You guys have been on the road since September, and in Europe for three weeks. Are you looking forward to coming home for Christmas?
I am looking forward to it. I hear there's snow now. I love the winter, and I was sad about missing the first snowfall -- I usually want to see that. Of course, once I'm there, I might feel differently.
Reunion Tour took just two weeks to record, and while the lyrics were complete when you guys reconvened, the music itself wasn't. Did that end up working in your favour?
It did. I think it was kind of our most collaborative record, in a sense. We had some things unfinished, and the potential (was there) to do some different things before the songs were set in stone. And our producer, Ian Blurton, certainly came in and messed around a bit with the tunes. It was one of those really productive and exciting times.

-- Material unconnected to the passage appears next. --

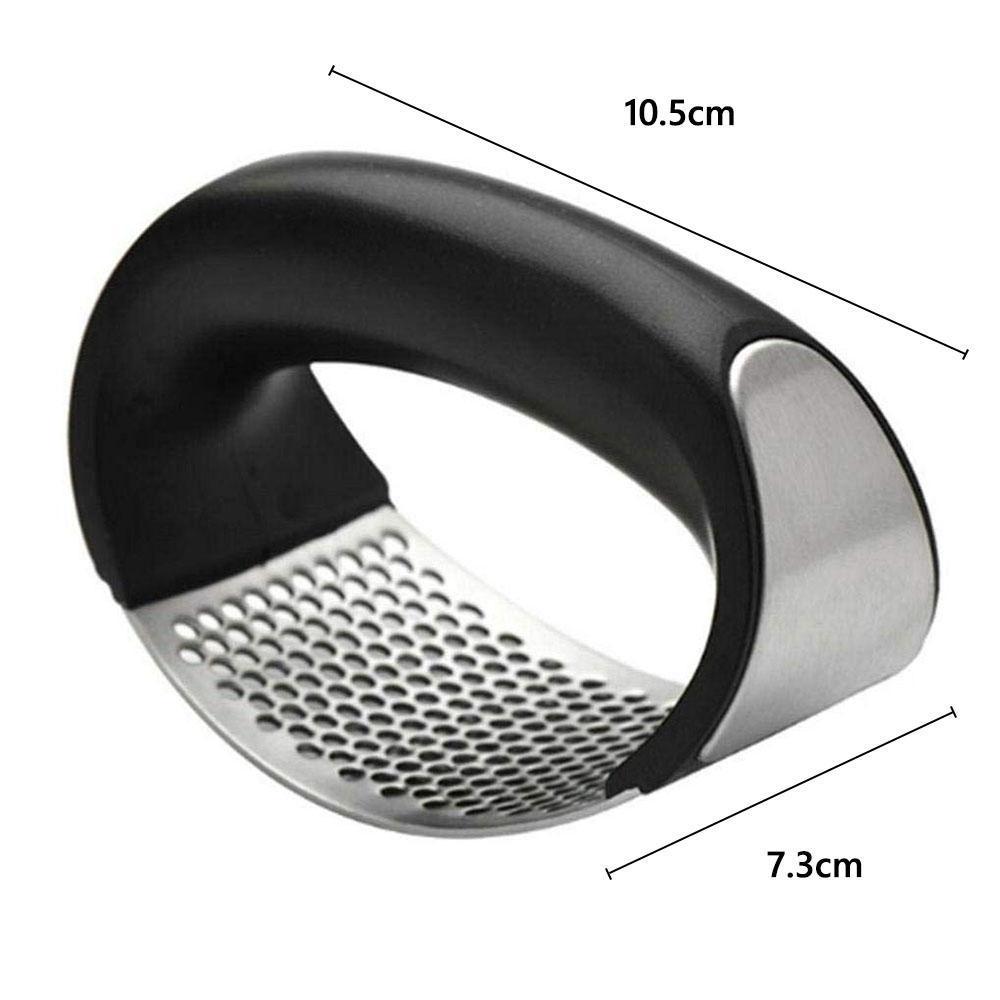 "Premium vitlöksrivjärn i rostfritt stål med ergonomiskt grepp, köksredskap för effektiv vitlöksrivning och enkel rengöring."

Two weeks seems pretty speedy. Is that typical for you guys?
No, the last one (2003's Reconstruction Site) took quite a bit longer. We kind of just really focused and worked 12-hour days, so I guess technically it took longer than two weeks, if you count the actual hours of labour.
Pretty much all the press for Reunion Tour describes it as the Weakerthans' "wintriest" album yet. Your thoughts?
I guess I wrote a lot of the lyrics during the winter. We tour a lot less during the winter, so that's always when I try to write lyrics.
Plus, you've got songs about curling and hockey goalies on there, and your website has you guys shopping around for an NHL team.
Yeah, that was a bit of tour boredom ... But I think it probably is just growing up in Winnipeg. That's really what defines Winnipeg, despite what all the murals in our city tell us. Life is really about the winter ... and it's the season I'm most interested in.
Speaking of Winnipeg, The Onion AV Club recently ranked your tune One Great City (best known for its "I hate Winnipeg" refrain) as one of its Top 18 Kiss-Off Songs to Cities. Not surprisingly, this re-opened the whole message board debate over whether the song is a kiss-off, a love song, or something between, Care to set the record straight?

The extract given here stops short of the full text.